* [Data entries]
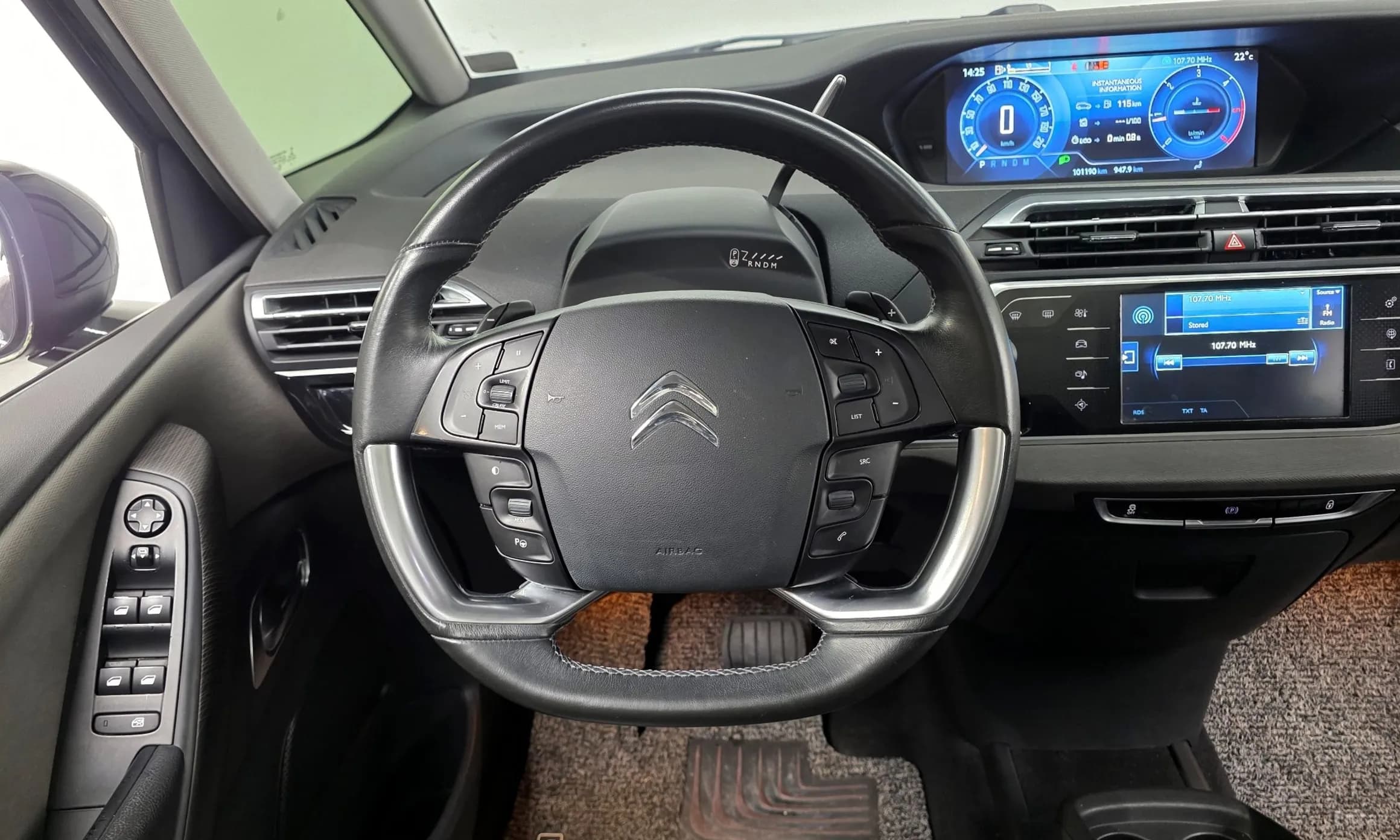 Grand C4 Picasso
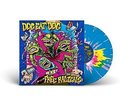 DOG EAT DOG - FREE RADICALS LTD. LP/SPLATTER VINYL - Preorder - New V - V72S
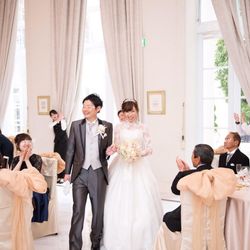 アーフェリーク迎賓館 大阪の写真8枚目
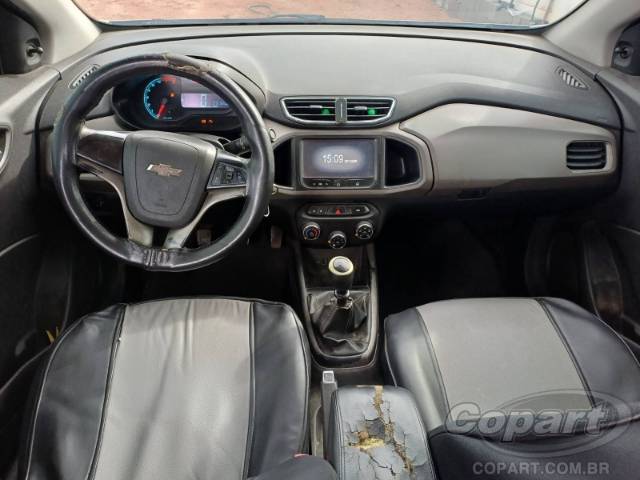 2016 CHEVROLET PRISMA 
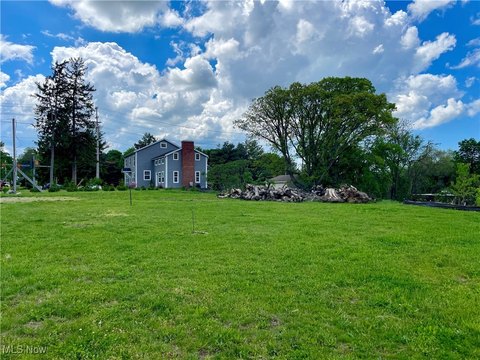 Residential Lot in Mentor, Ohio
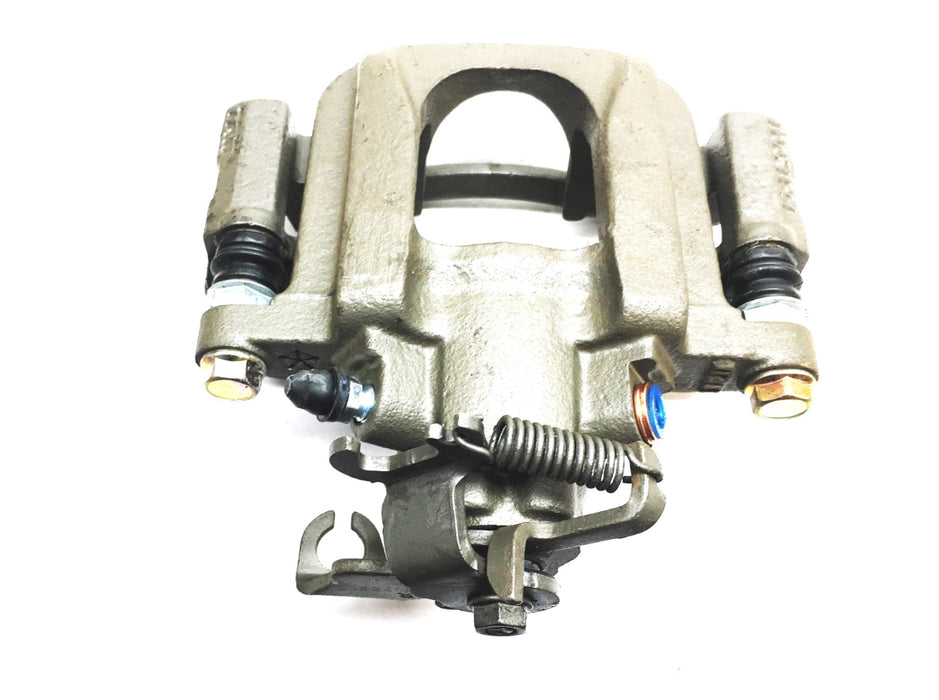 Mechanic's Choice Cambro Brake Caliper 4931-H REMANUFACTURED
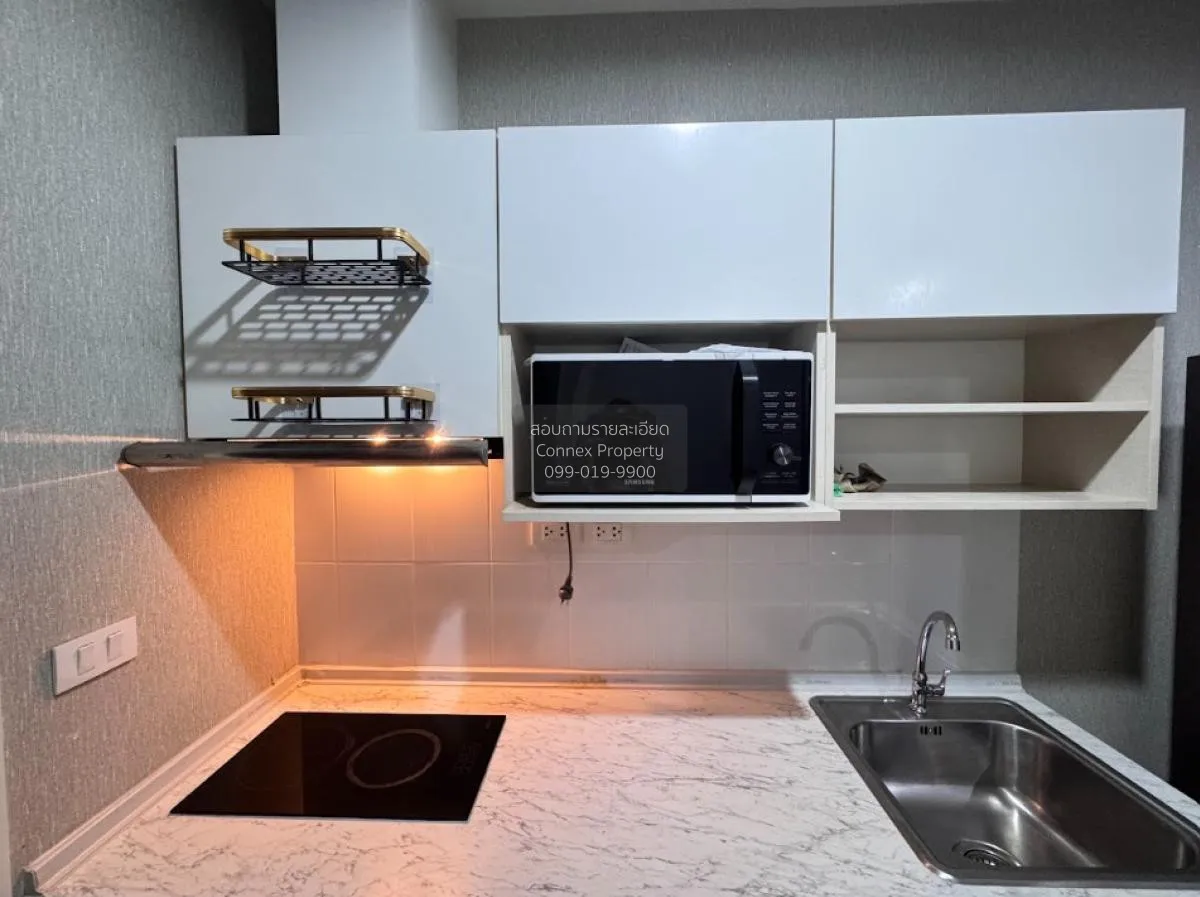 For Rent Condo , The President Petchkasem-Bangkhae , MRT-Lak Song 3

* [Exercise] The reply should hold every line of the records unchanged and no pictures.

* [Result for this task]
 Grand C4 Picasso
 DOG EAT DOG - FREE RADICALS LTD. LP/SPLATTER VINYL - Preorder - New V - V72S
 アーフェリーク迎賓館 大阪の写真8枚目
 2016 CHEVROLET PRISMA 
 Residential Lot in Mentor, Ohio
 Mechanic's Choice Cambro Brake Caliper 4931-H REMANUFACTURED
 For Rent Condo , The President Petchkasem-Bangkhae , MRT-Lak Song 3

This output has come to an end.